Chesser, who pleaded guilty in federal court Oct. 20 to supporting Somali terrorists and threatening the creators of "South Park" for mocking the prophet Muhammad, hadn't been a Muslim long. He converted to Islam in 2008, soon after graduating from Oakton High School in Fairfax County.
His emergence online as a Muslim extremist followed at warp speed. By the time federal agents arrested him in July for trying to travel to Somalia and join the Islamist insurgent group al-Shabab, he'd gone from breakdancing high school kid to bearded radical in little more than two years.
For Chesser, it was the latest - and perhaps most unlikely - in a series of identities he'd experimented with, then discarded.
Other attempts to define himself had proved harmless. "If he'd lived in L.A.," observed one person close to him, "he would have been a Scientologist."

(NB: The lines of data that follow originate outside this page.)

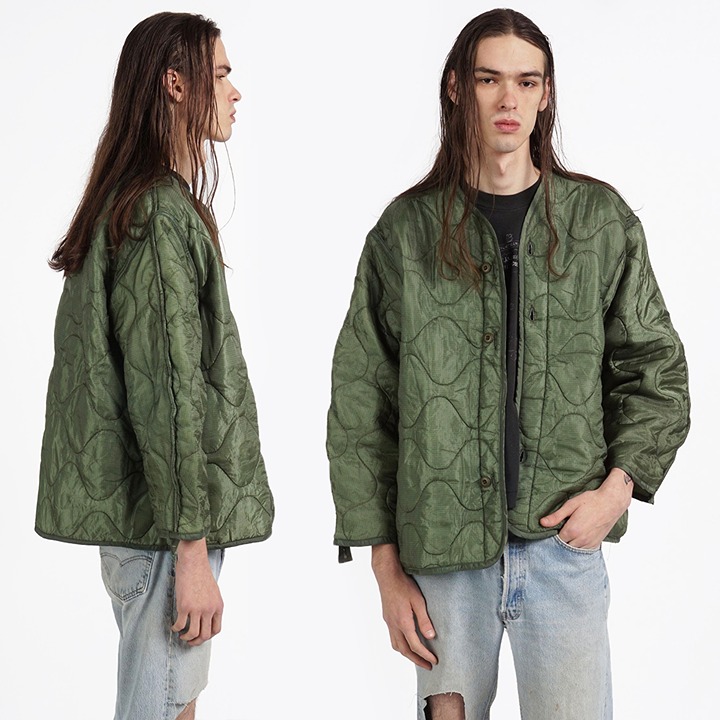 VINTAGE Khaki Military Button Down Quilted Field Jacket
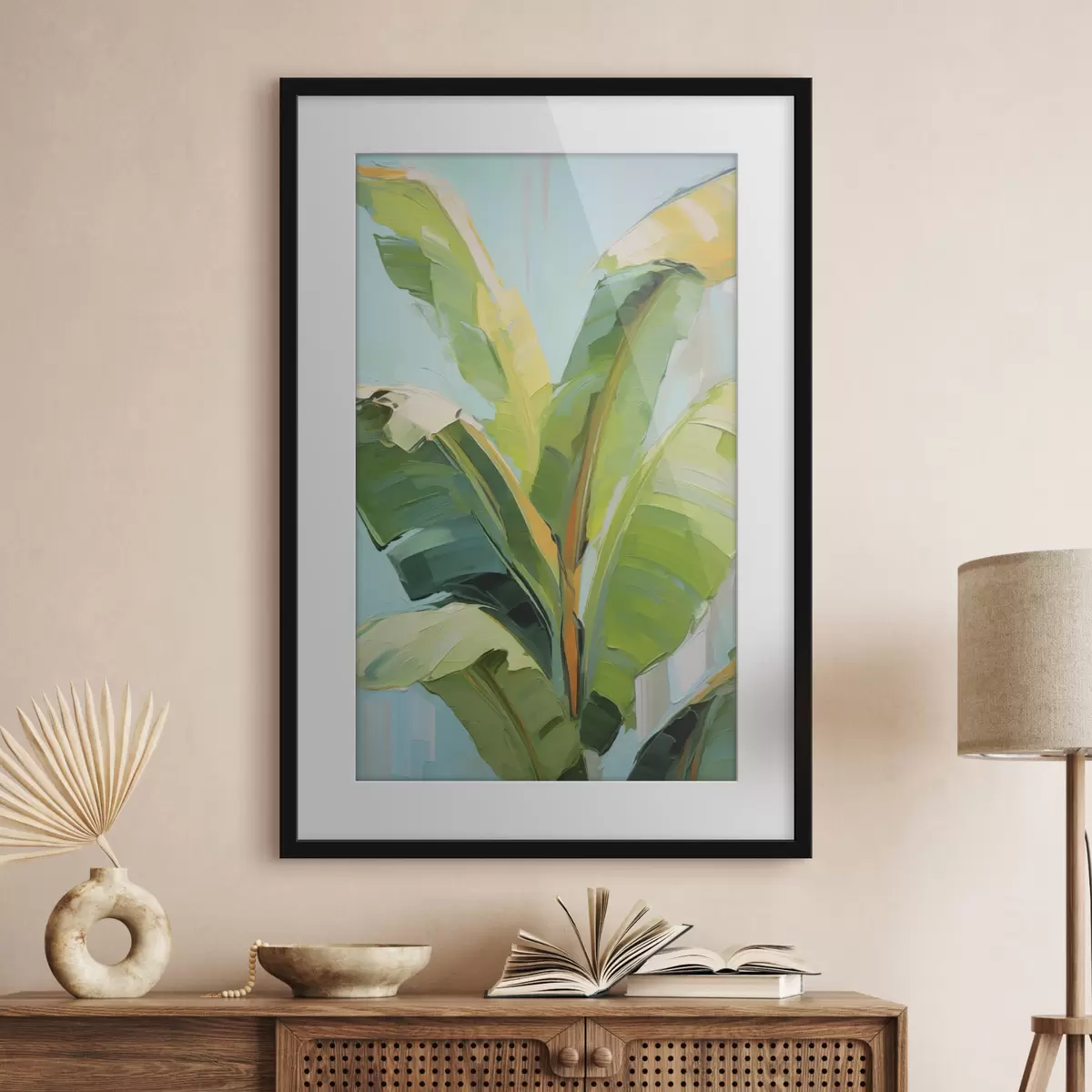 Poster Bananenpalmenblätter, Imitationsgemälde f50069
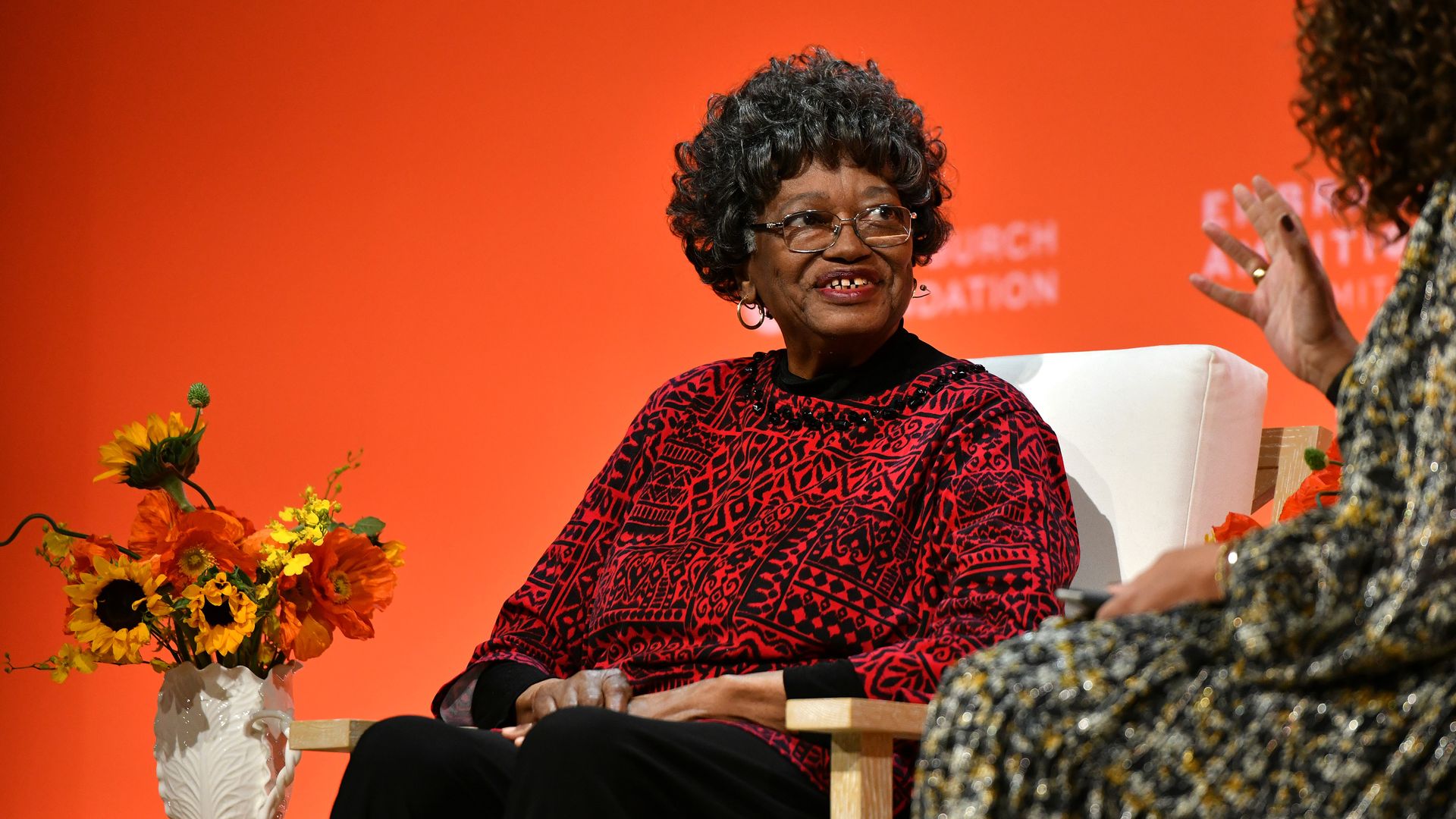 Claudette Colvin, Civil Rights Activist speaks onstage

Instead, Chesser faces up to 30 years in prison and a label that will haunt him for the rest of his life: terrorist.
While much about what prompted Chesser's transformation remains a mystery, he illustrates a growing phenomenon in the United States: young converts who embrace the most extreme interpretation of Islam.
Of the nearly 200 U.S. citizens arrested in the past nine years for terrorism-related activity, 20 to 25 percent have been converts, said Oren Segal, director of the Anti-Defamation League's Center on Extremism. More than a quarter have been arrested in the past 20 months. The center provided The Washington Post with saved copies of Chesser's postings, most no longer available on the Web.
"Many of these converts are basically white kids from the suburbs" in search of a community, said Segal, whose group has produced numerous papers on those arrested, including Chesser. They are overwhelmingly male, frequently in their 20s and eager to "become something more than they are, or be part of something greater," he said.